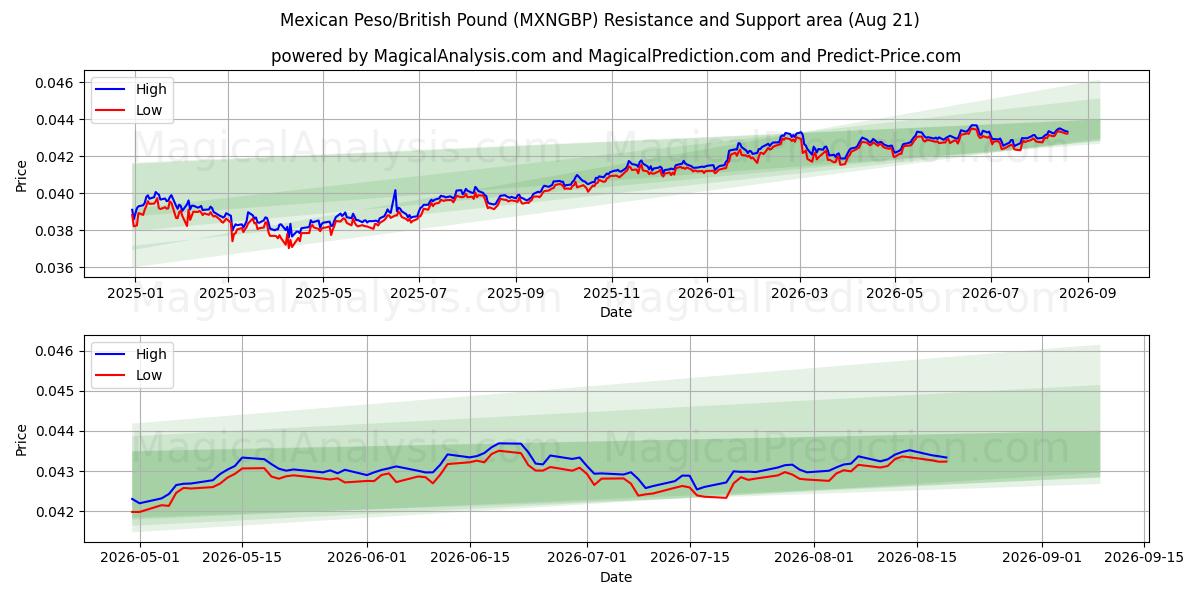  Mexikansk peso/brittiskt pund (MXNGBP) Support and Resistance area (20 Aug) 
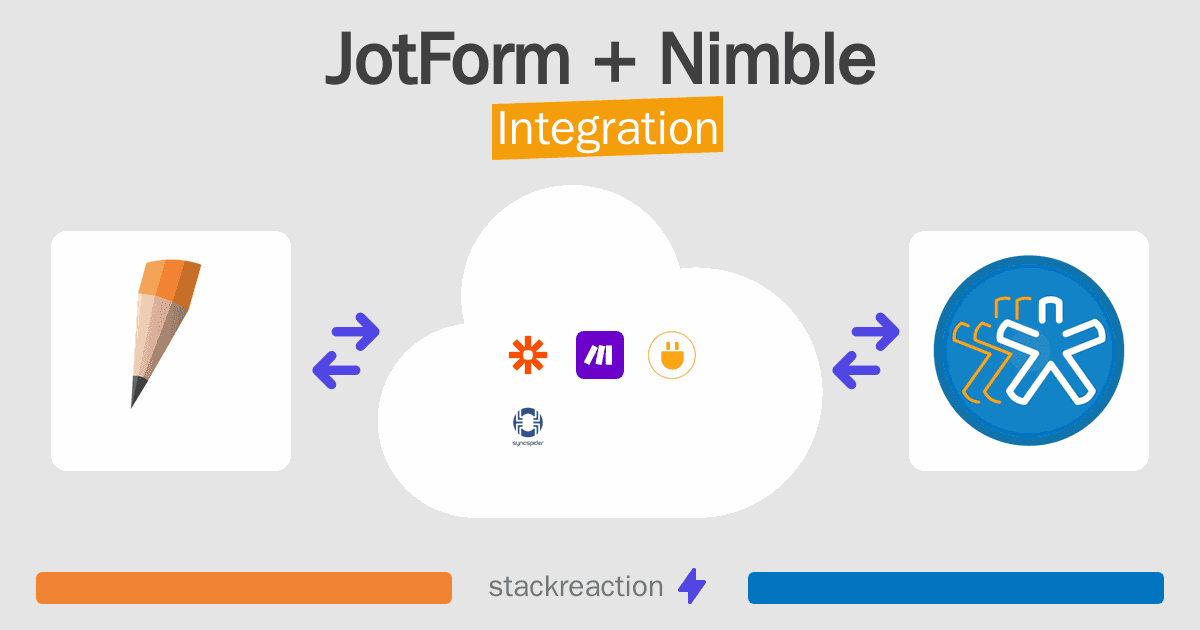 JotForm and Nimble Integration
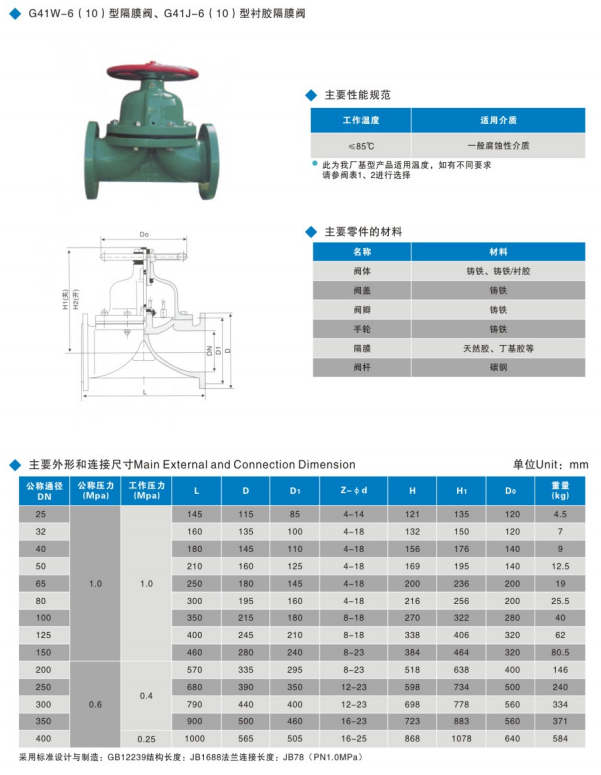 澳门银河集团_澳门银河网址_澳门银河平台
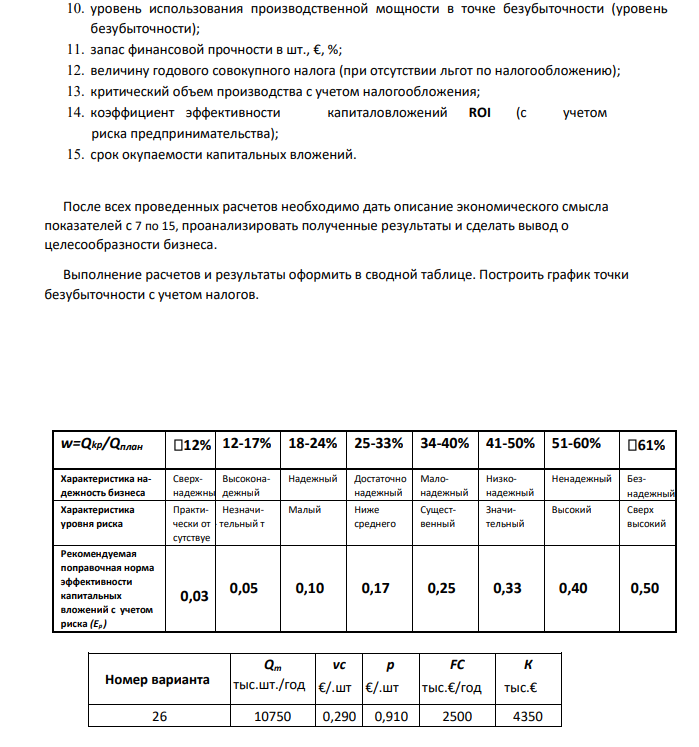 Разработан технический проект строительства и эксплуатации завода по производству кафельной плитки, производственной мощностью Qm (тыс. шт./год). В соответствии с проектом ежегодные постоянные расходы завода составляют FC (тыс. €/год), а переменные на единицу продукции - vc (€/шт.).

========================================

TO DO:
All of the material above is to be retyped verbatim, with its pictures omitted.

ANSWER FOR THIS EXERCISE:
  Mexikansk peso/brittiskt pund (MXNGBP) Support and Resistance area (20 Aug) 
 JotForm and Nimble Integration
 澳门银河集团_澳门银河网址_澳门银河平台
 Разработан технический проект строительства и эксплуатации завода по производству кафельной плитки, производственной мощностью Qm (тыс. шт./год). В соответствии с проектом ежегодные постоянные расходы завода составляют FC (тыс. €/год), а переменные на единицу продукции - vc (€/шт.).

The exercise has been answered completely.